¡Oh, el mundo gira!
29-4-2000
Los raros, la
familia y la afinidad intelectual
En las familias suelen aparecer
miembros que, sin llegar a renegar de su condición de integrantes, sí se
mantienen al margen de las actividades comunes, y sobre todo, de las
actividades afectivas. Nos referimos a quienes no sienten lazo sentimental alguno
con sus parientes, que según las normas sociales deberían conformar su “clan de
emociones”. Estos elementos aislados, en muchos casos acaban aceptando su
derrota, integrándose en el seno de un grupo de personas con las que no
comparten ni gustos, ni creencias, ni formas de encarar el absurdo de los
trabajos y los días. Pero las gentes que resisten la corriente adversa, y
consiguen permanecer en el terreno de la lógica, tienen razones evidentes para
mantenerse en sus trece: son distintos. Estas personas, denominados
popularmente “ovejas negras” o simplemente “raros”, reniegan de las costumbres
sociales impuestas a machamartillo; por ejemplo, evitan acudir a los entierros
de quienes nunca han querido, porque un sepelio es una ceremonia que demuestra
la plena actualidad del Neolítico, y los individuos objeto de este estudio no
tienen por costumbre creer en extravagantes vidas incorpóreas ni ritos que las apuntalen.
En su escala de valores aparecen conceptos como afinidad intelectual, que no es
sino la misma argamasa que une al resto de miembros del linaje, cuando comentan
estereotipos culturales como encuentros futbolísticos o programas de
entretenimiento en televisión. Pero en su caso, la afinidad se concentra en el
sentido crítico, los ideales sociales o la alegría del encuentro entre el ser humano
y la creación artística. En otros tiempos, estos integrantes de la sociedad
provocaban eso que entonces se llamaba “progreso”. Hoy, asumidos por la mayoría
gracias a la concienzuda labor de los que deciden qué hay que pensar, son sólo
un minúsculo conjunto de individuos que no aparecen en las estadísticas, que no
causan conflictos reseñables y cuyos lazos afectivos, organizativos y de relación
no pasan de unas pocas personas afines a su alrededor. Por eso, su único choque
con la masa se produce en el seno de la imposición primigenia, la familia.
Microrrevoluciones que van horadando su capacidad de resistencia.
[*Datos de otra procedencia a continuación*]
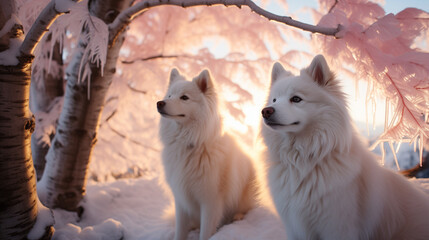 Two white malamute dogs in the snowy woods - obrazy, fototapety, plakaty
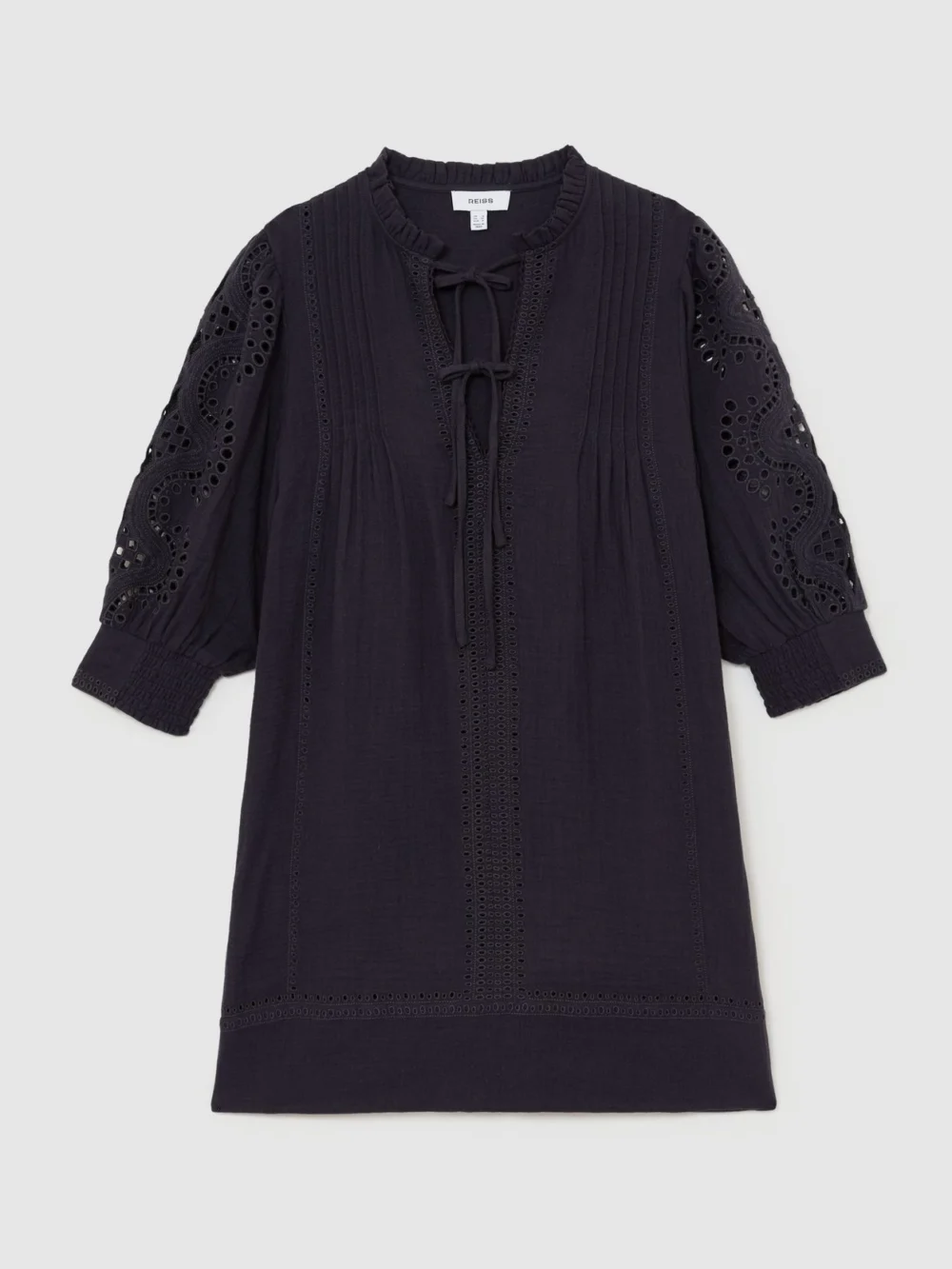 Reiss Navy Cotton Cheesecloth Broderie Mini Dress, view 2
Pseudorrebeldías
que no sirven más que para acrecentar el individualismo y aniquilar la ajada
semilla de la ilusión. Porque la inmoralidad no es matar al padre, sino dar
razones al hijo para que lo haga. Y la familia no es más que el reflejo de las
estructuras sociales superiores, que no cesan de darnos razones a los hijos pródigos
para que deseemos que reviente la “generalización de la hipocresía”, que ya sólo
denuncian los poetas octogenarios y los locos de atar.